Use Cloud Network when: - Need basic internet connectivity - Don't require specific public IP ranges

Use Public Network when: - Need dedicated public IP addresses - Have specific routing or compliance requirements - Running load balancers or ingress controllers

OVS/OVN Modifications Applied ¶

1. OVS Bridge Configuration ¶

The system automatically creates the necessary OVS infrastructure:

Bridge: br-ext-cloud - Physical interface enp0s31f6 attached with VLAN trunking - Trunk VLANs: [0, 4011, 4013] - Patch ports for both external networks: - patch-localnet.ext-cloud-to-br-int ↔ patch-br-int-to-localnet.ext-cloud - patch-localnet.ext-public-to-br-int ↔ patch-br-int-to-localnet.ext-public

2. OVN Logical Switches ¶

Two logical switches are created automatically: - ext-cloud (for VLAN 4013) - ext-public (for VLAN 4011)

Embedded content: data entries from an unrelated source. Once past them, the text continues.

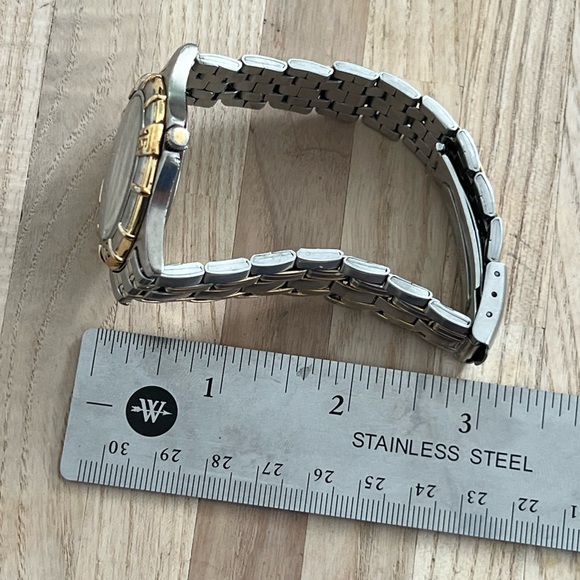 Vitesse Men’s Watch Vintage Two Tone Bracelet and Case Gray Dial Date Window - Picture 12 of 12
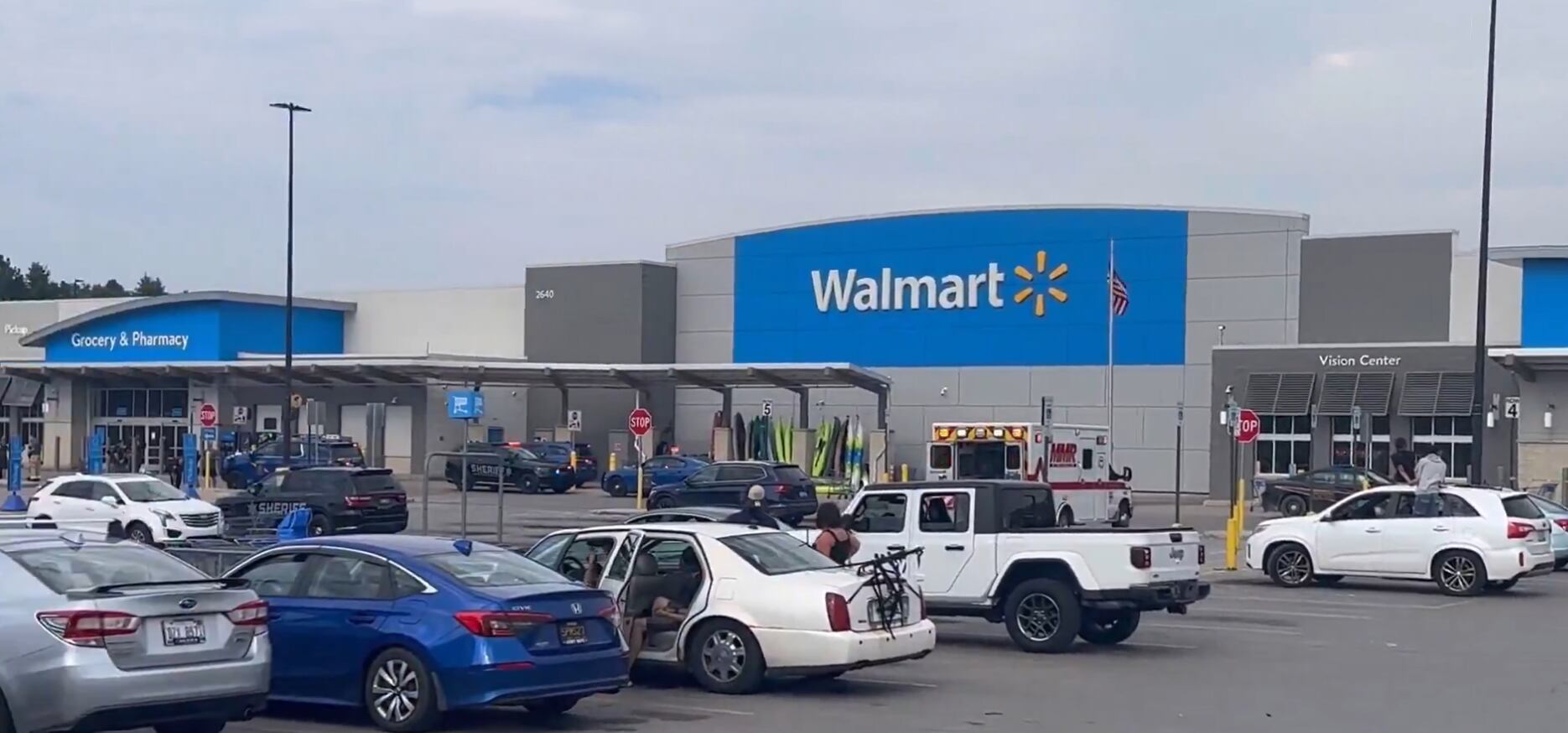 La Policía detuvo a un sospechoso tras un violento incidente con arma blanca en un Walmart de Michigan.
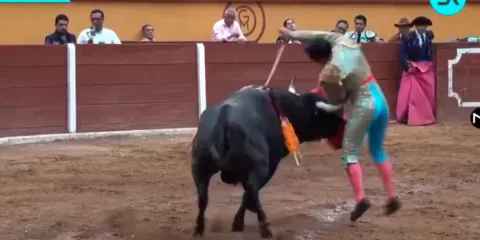 Emilio Macías sufre grave cornada en Tlaxcala y es operado de urgencia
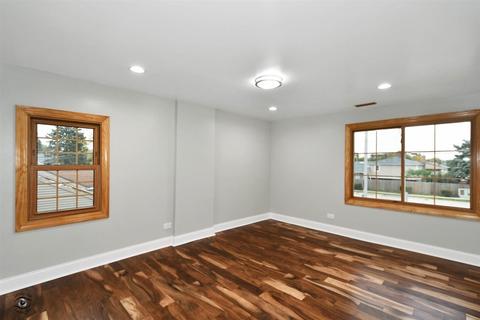 8111 Central Ave, Burbank, IL 60459 photo 18
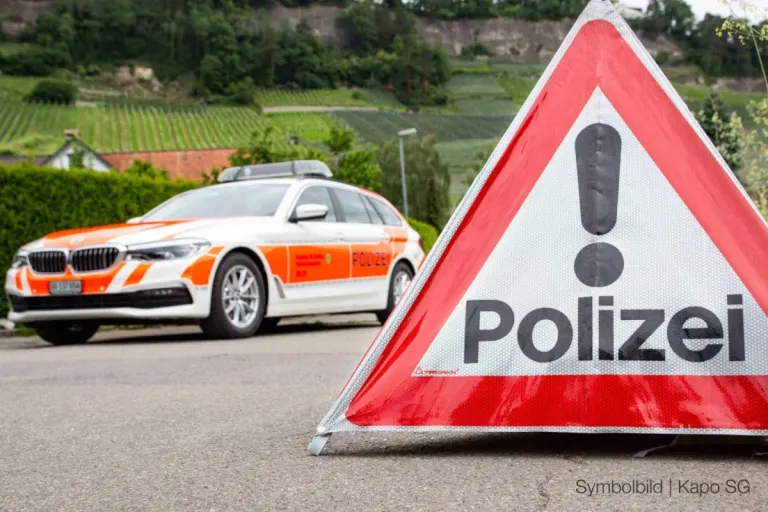 Kaltbrunn SG - Junge auf Fussgängerstreifen angefahren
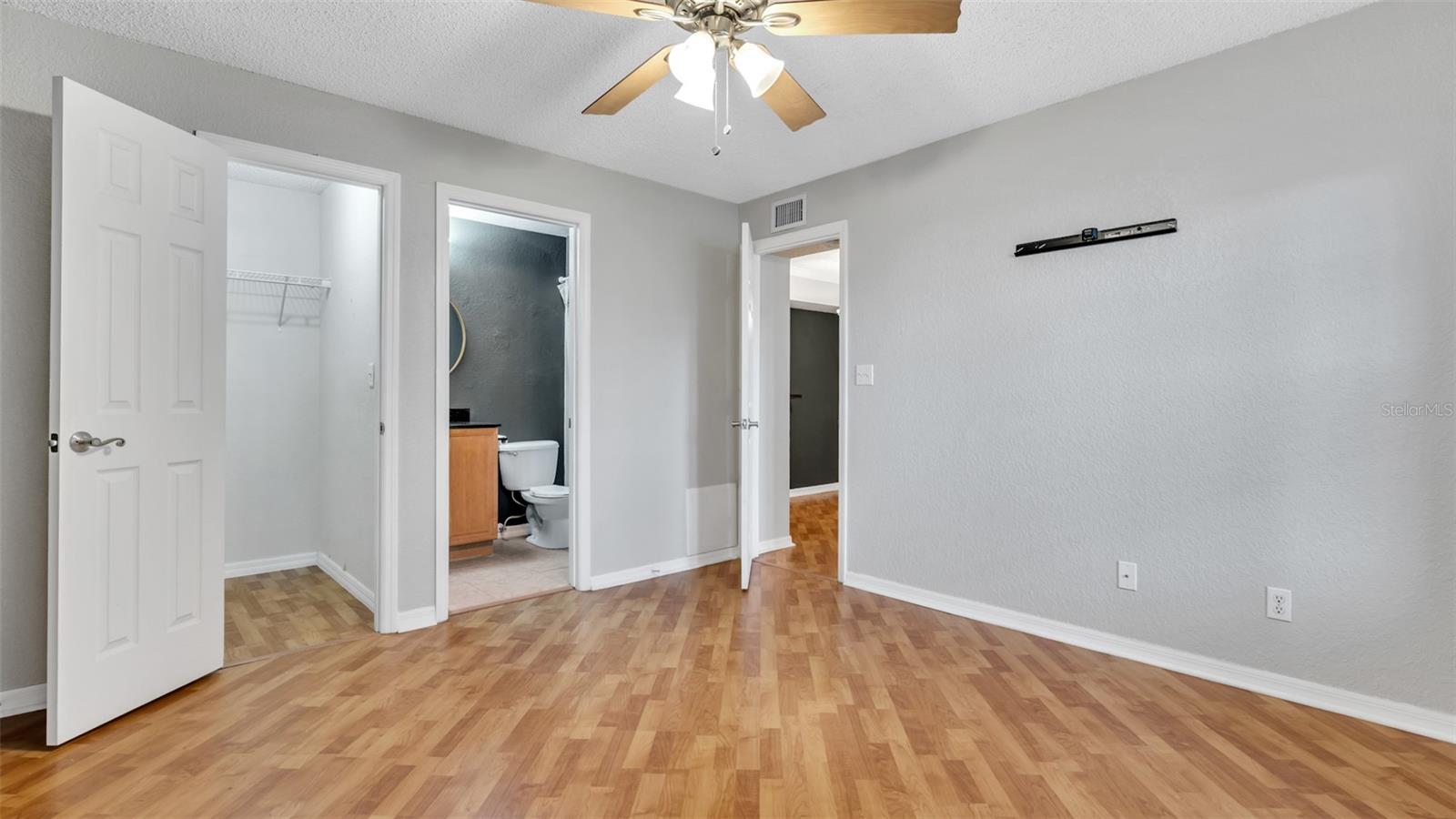 Image 17 of 32 For 3275 Haviland Court 202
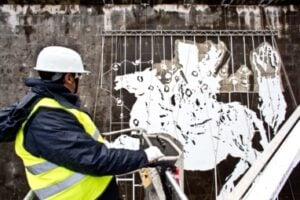 William Kentridge all’opera a Roma. Ecco le prime immagini dei lavori al grande murale Triumphs e Laments sui muraglioni del Tevere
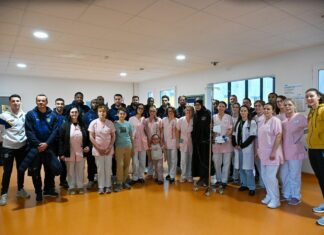 Grand Besançon. Le FC Sochaux-Montbéliard recycle ses maillots pour les offrir au CHU Minjoz personnel médical, joueurs et staff du FC Sochaux Montbéliard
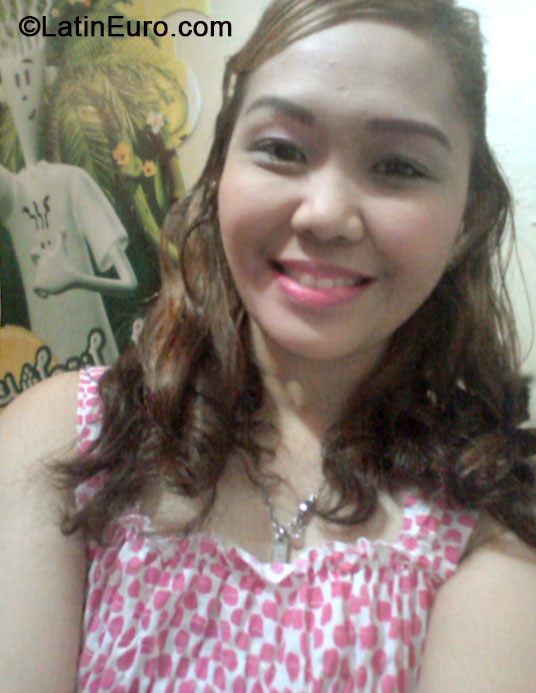 Date this passionate Philippines girl Marichelle from Pasay City PH635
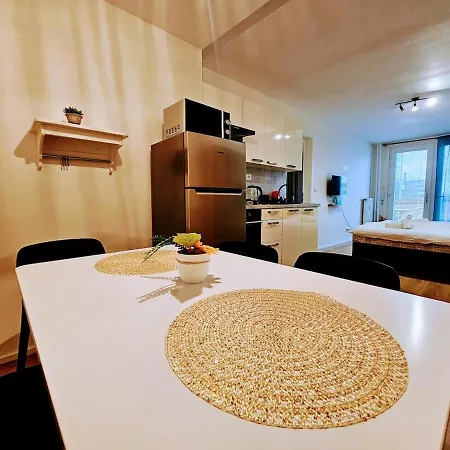 Private Garden 2br For Business & Leisure, Free Parking & Gym, By Live-inn 2 Apartment *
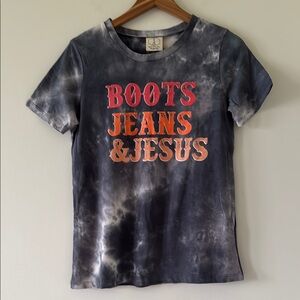 NWT Daisy‎ Rae Tie-Dye Graphic T-Shirt Boots Jeans & Jesus T-Shirt Size Small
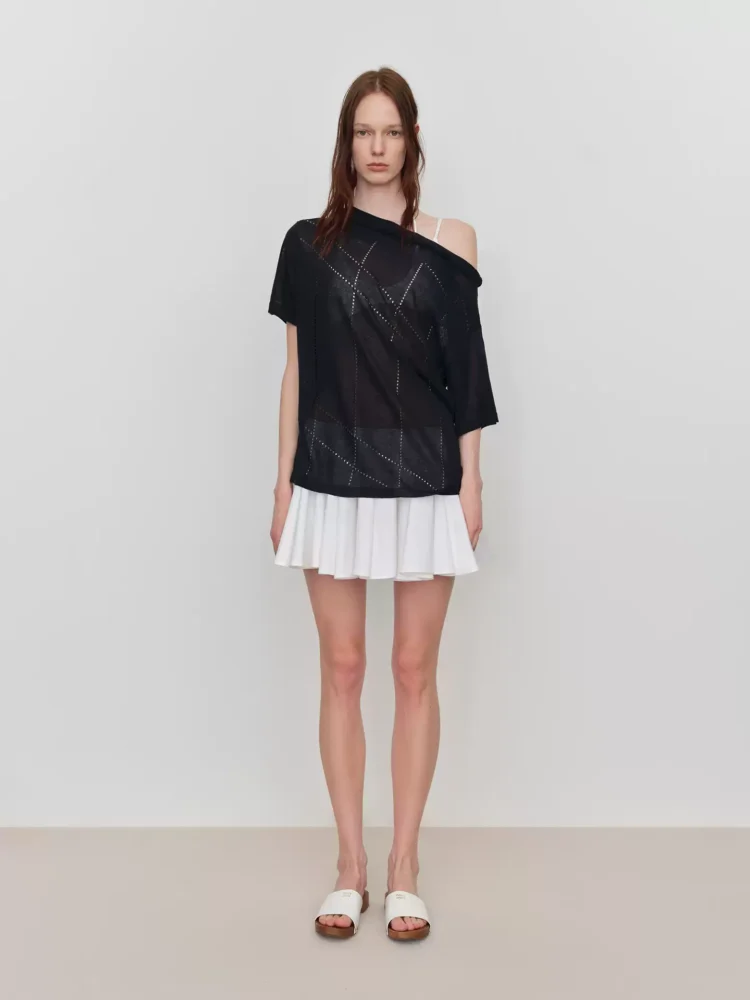 Wear T-shirts with irregular collars frequently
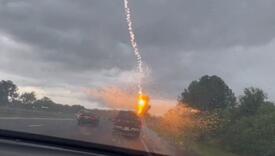 Žena snimila udarac munje u kamionet, meteorolozi oduševljeni snimkom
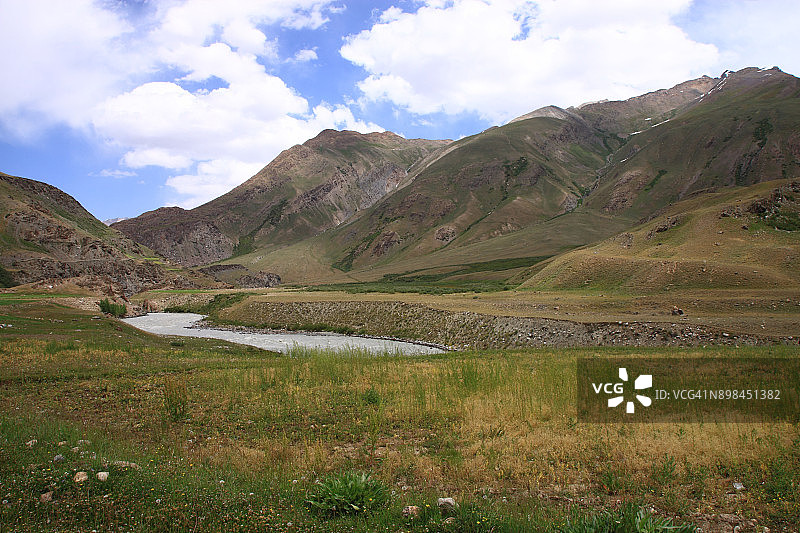山地草甸河流图片素材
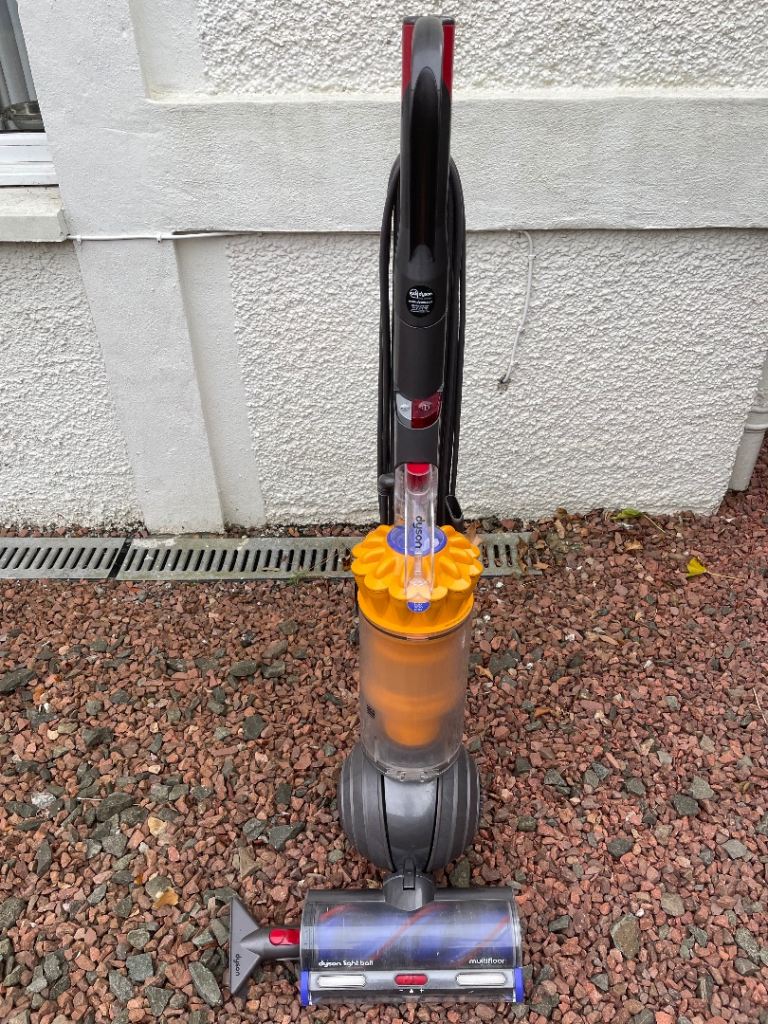 Dyson light ball upright hoover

3. ProviderNetwork Status ¶

The existing ProviderNetwork ext-cloud is updated to include both VLANs:

status:
  vlans: ["vlan4013", "vlan4011"]
  ready: true
  readyNodes:
  - kube-dc-master-1
  - kube-dc-worker-1

Configuration Steps ¶

1. Apply VLAN Configuration ¶

kubectl apply -f examples/networking/additional-external-network.yaml

2. Verify Configuration ¶

# Check ProviderNetwork VLANs
kubectl get provider-network ext-cloud -o jsonpath='{.status.vlans}'
# Expected output: ["vlan4013","vlan4011"]

# Check external subnets
kubectl get subnets ext-cloud ext-public
# Expected: ext-cloud (100.65.0.0/16) and ext-public (168.119.17.48/28)

# Check EIP assignments
kubectl get eips -A
# Shows which projects are using which external networks

# Check OVS bridge configuration
kubectl exec -n kube-system [ovs-pod] -- ovs-vsctl show | grep -A 10 "br-ext-cloud"

# Check OVN logical switches
kubectl exec -n kube-system [ovn-central-pod] -- ovn-nbctl ls-list | grep ext

3. Test with Project ¶

Create projects to test both network types:

Project using Cloud Network:

apiVersion: kube-dc.com/v1
kind: Project
metadata:
  name: test-project-cloud
  namespace: test-org
spec:
  cidrBlock: 10.200.0.0/24
  egressNetworkType: cloud  # Uses ext-cloud subnet (100.65.0.0/16)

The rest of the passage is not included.